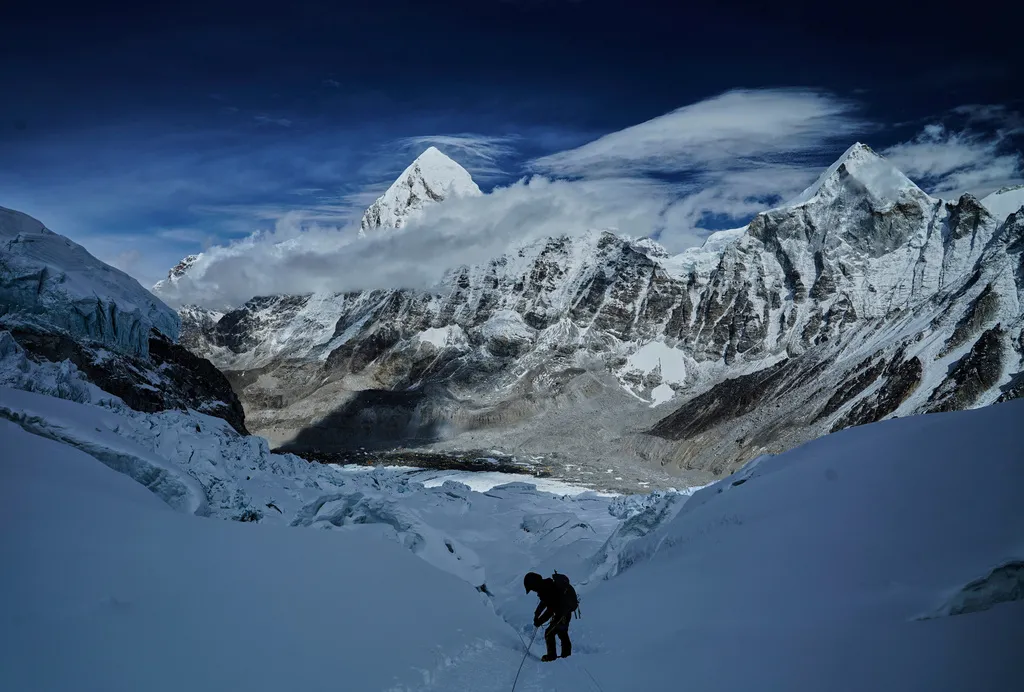 Khối băng chặn đường khiến h&agrave;ng trăm người mắc kẹt tại Everest- Ảnh 1.
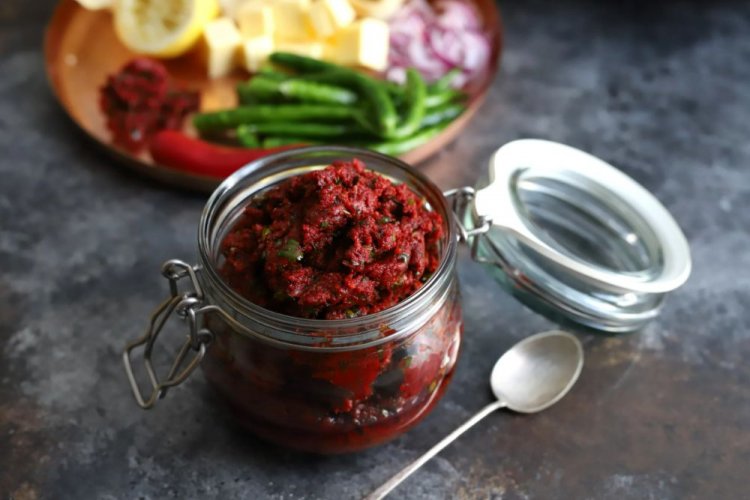 Чатни из базилика, свеклы и помидоров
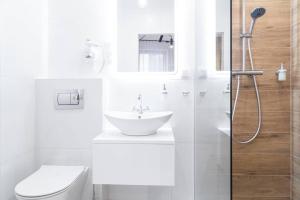 Kúpeľňa v ubytovaní HOUSEHOST Apartment: Miodowa 42/8b street + 1 fotografia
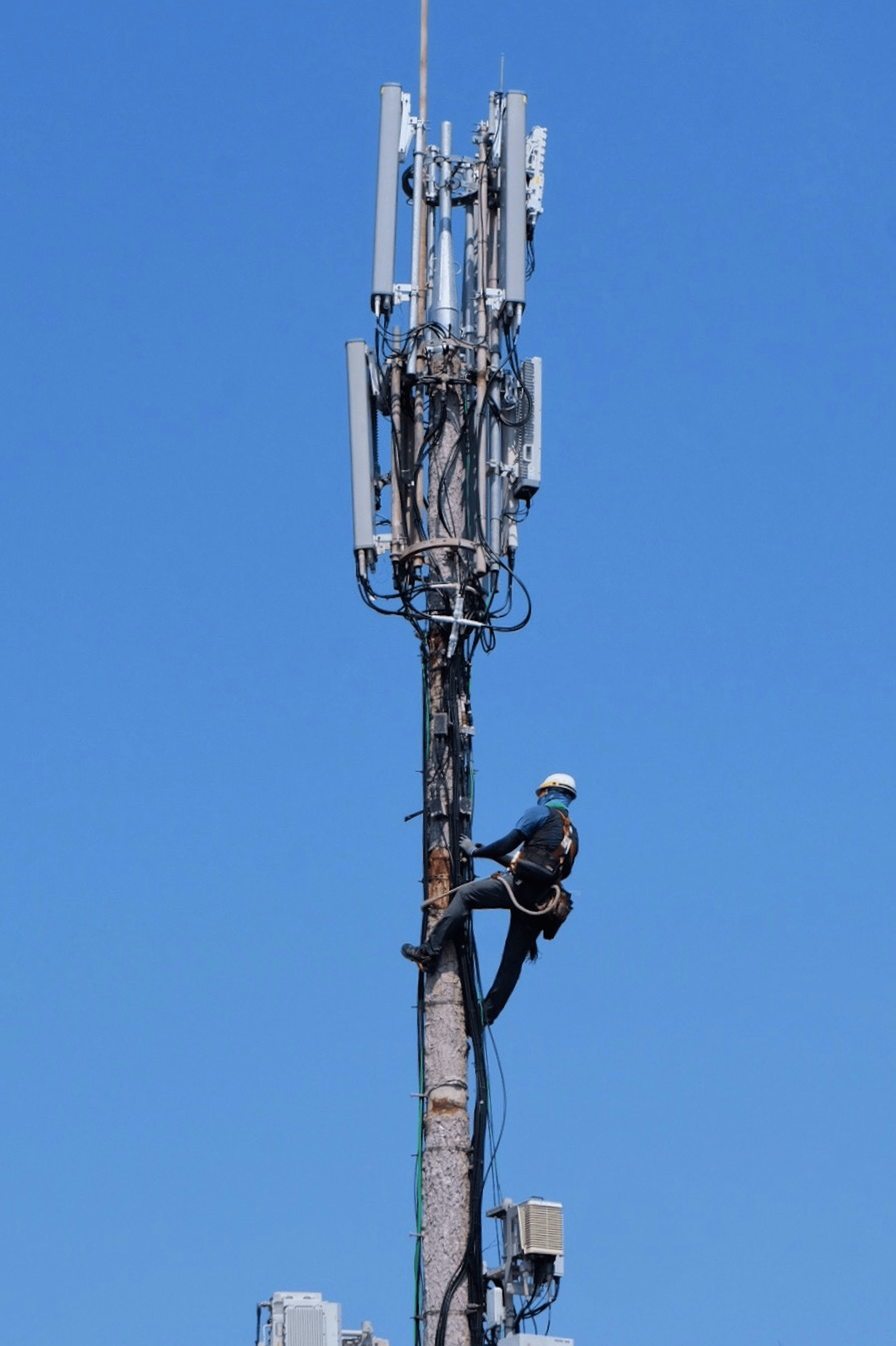 我們提供全面的數位資產保護措施，幫助企業有效管理和保護其數據，以防止數據洩漏和網絡攻擊。 數位資產防護 我們的解決方案 We are a cybersecurity company focused on protecting smart buildings, OT systems, and digital property assets. Our solutions secure PropTech deployments without disrupting operations.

Exercise objective: Exactly as they appear, print the lines of the listing above from its first line through the line that contains "Kúpeľňa v ubytovaní", minus the pictures.

Exercise answer:
 Khối băng chặn đường khiến h&agrave;ng trăm người mắc kẹt tại Everest- Ảnh 1.
 Чатни из базилика, свеклы и помидоров
 Kúpeľňa v ubytovaní HOUSEHOST Apartment: Miodowa 42/8b street + 1 fotografia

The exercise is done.